La sua geopolitica è opportunismo divenuto regola di sopravvivenza umana ed editoriale”. Lucio C. è uomo italicus che merita di essere studiato con cura. Orgoglioso nel far sapere di avere quarti nobili, ma organico fin da giovinetto al partito comunista, che lo porterà ad essere partecipe alla stagione di “Repubblica”. I legami non saranno mai interrotti anche quando vestirà i panni del “si però” forse la Cina o anche la Russia, perché la vita di Lucio C. è dettata dal dire che tutte le nazioni hanno le proprie ragioni egemoniche, mentre le spinte democratiche dei popoli svaniscono di fronte alla sua Realpolitik all’amatriciana”.

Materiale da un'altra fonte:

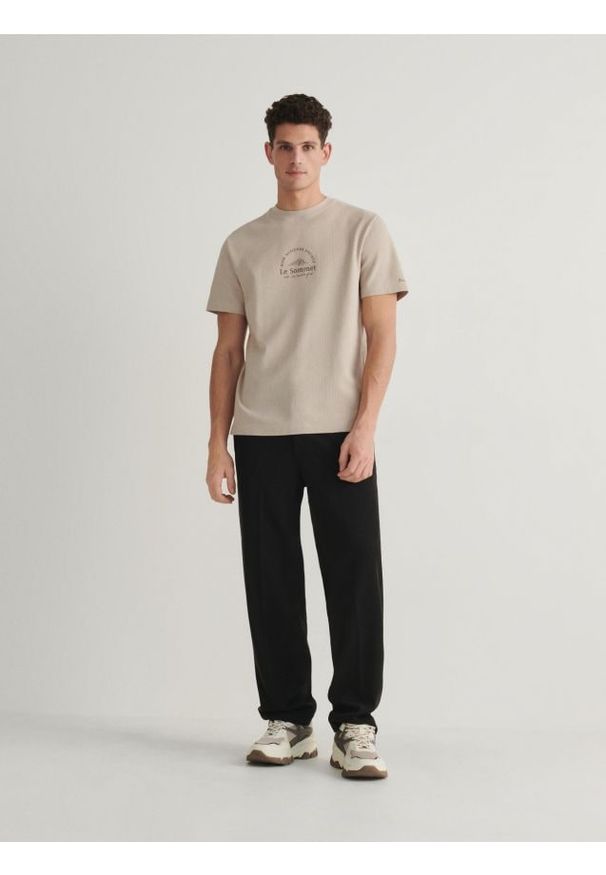 Reserved - T-shirt regular fit z nadrukiem - beżowy. Kolor: beżowy. Materiał: bawełna, dzianina. Wzór: nadruk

“Però è bravo. Ha l’abilità è fermarsi su precipizio prima di finirci dentro, come gli sciocchi o chi è in malafede come quell’oscuro professore Orsini di Roma dai capelli biondi, noto per essere grossolano sodale di Peskov”.

“L’uomo è peggiore del suo progetto di geopolitica buona per tutti i gusti e colori mentre John Elkann presiede il gruppo editoriale. Nella mediocrità sovente troviamo inaspettati contributi ed è un piacere. 

In merito alle cartine colorate, io preferisco gli arazzi di Alighiero Boetti manufatti da donne afghane negli anni 70. Si narra che alcune delle mappe avessero un mare di colore rosa. Alla domanda del perché di quel colore, si ricorda che risposero che non sapessero cosa fosse il mare e quale fosse il suo colore”.